Plaquemine Lock State Historic Site, located in Plaquemine, Louisiana, commemorates an early example of hydraulic engineering design and the historic significance of Bayou Plaquemine, an important navigable waterway that was once a distributary of the Mississippi River. Bayou Plaquemine promoted settlement beginning in the 18th century and helped the area economically by providing an access route between southwestern Louisiana (and thus Texas) and the Mississippi via the Atchafalaya Basin.

The lock itself was designed by Colonel George Washington Goethals of the United States Army Corps of Engineers, who later served as chief engineer of the construction of the Panama Canal Lock, and went on to be the Canal Zone's first governor. Plaquemine Lock was opened on April 9, 1909, after 14 years of construction. When it was built, Plaquemine Lock was the highest freshwater lift of any lock in the world. The lock initially utilized a gravity-flow principle until pumps were installed years later.

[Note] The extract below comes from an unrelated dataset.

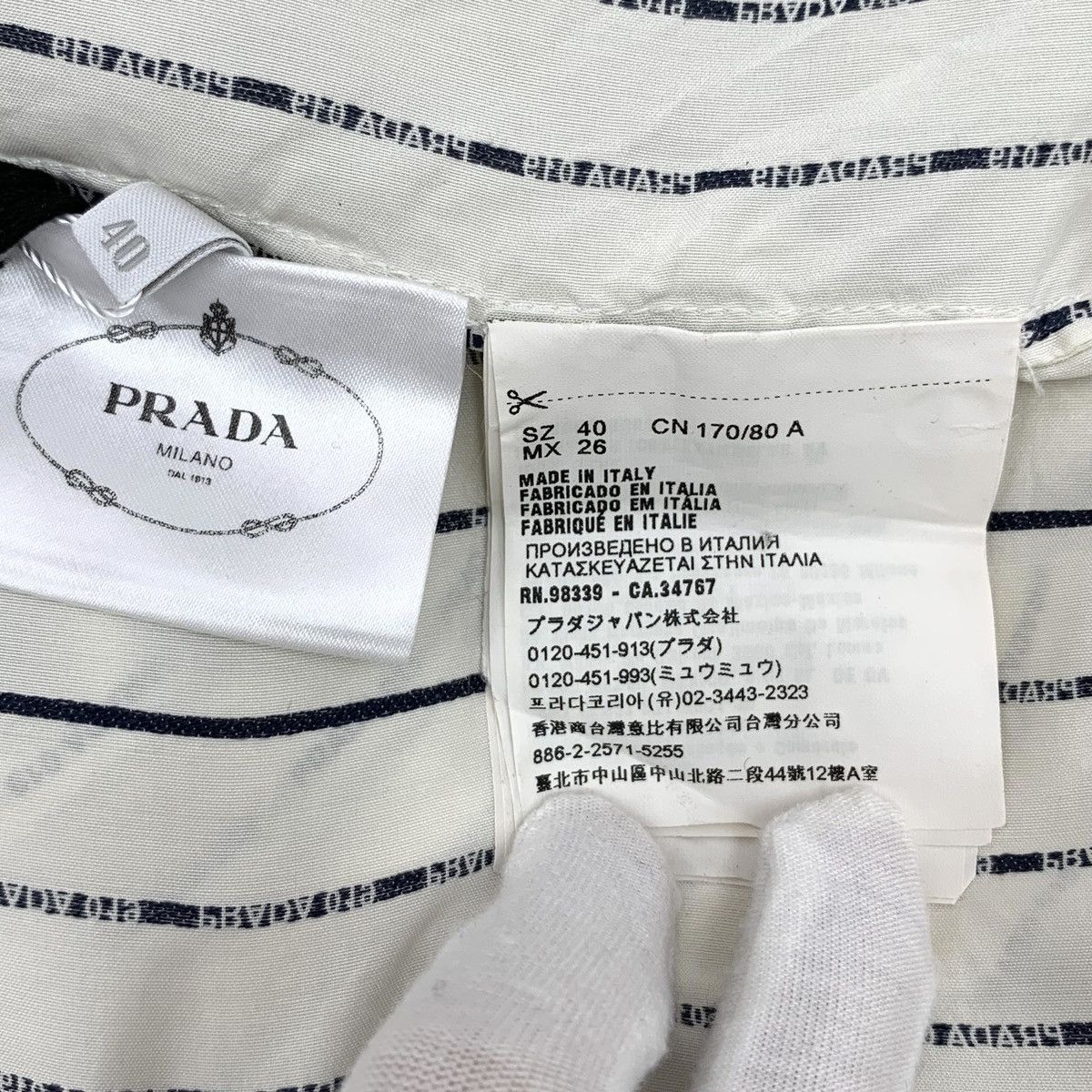 Prada Prada Vertical Stripe Long Sleeve Shirt K26WX Size M / US 6-8 / IT 42-44 - 7 Thumbnail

The lock was closed after 52 years of service in 1961 due to increased river traffic and the demand for a larger lock, which opened thereafter in Port Allen. The Plaquemine Lock structure was placed on the National Register of Historic Places in 1972. Today, the Gary James Hebert Memorial Lockhouse serves as an on-site museum and visitors center. It is named for the man who led the way to help preserve the Lock site, which today covers 19 acre.